→ **What the exercise asks**:
Word for word, output the data, with none of its pictures.

→ **Supplied information**:
[Start of section]
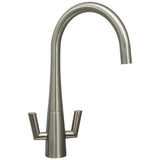 Astini Cosmopolitan Twin Lever Kitchen Sink Mixer Tap with Brushed Steel and Chrome Finish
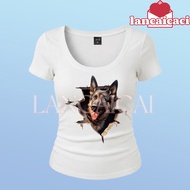 LANCAICAI Realistic Alsatian T-shirt Dog Burst Effect Form-Fitting U-Neck For Casual Outfits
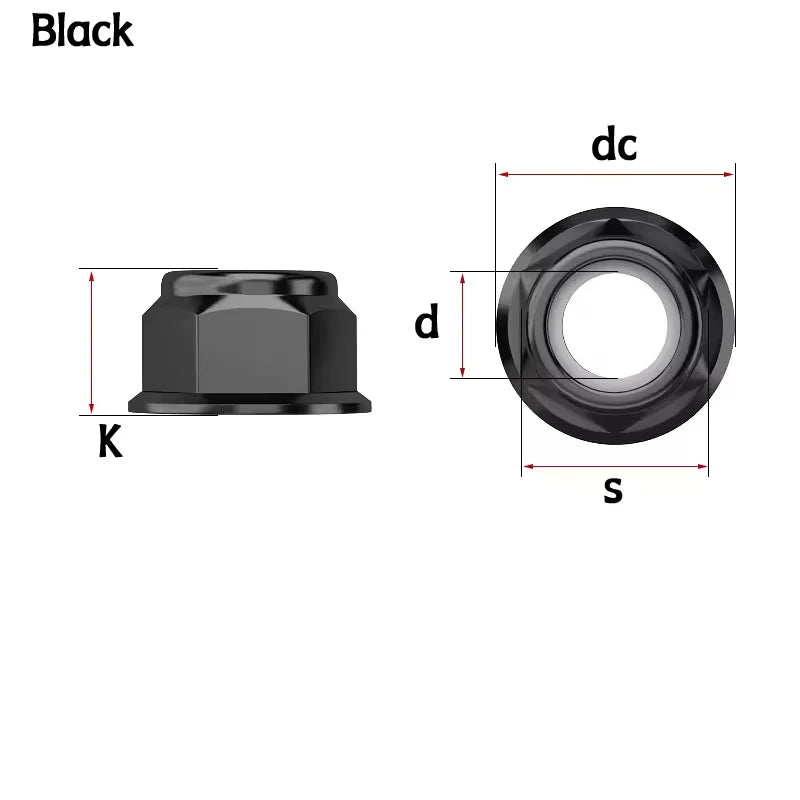 Aluminum Alloy Flange Nylon Lock Nuts M2-M8 Anodized RC FPV Drone Fasteners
[End of section]
→ **Response to this task**:
 Astini Cosmopolitan Twin Lever Kitchen Sink Mixer Tap with Brushed Steel and Chrome Finish
 LANCAICAI Realistic Alsatian T-shirt Dog Burst Effect Form-Fitting U-Neck For Casual Outfits
 Aluminum Alloy Flange Nylon Lock Nuts M2-M8 Anodized RC FPV Drone Fasteners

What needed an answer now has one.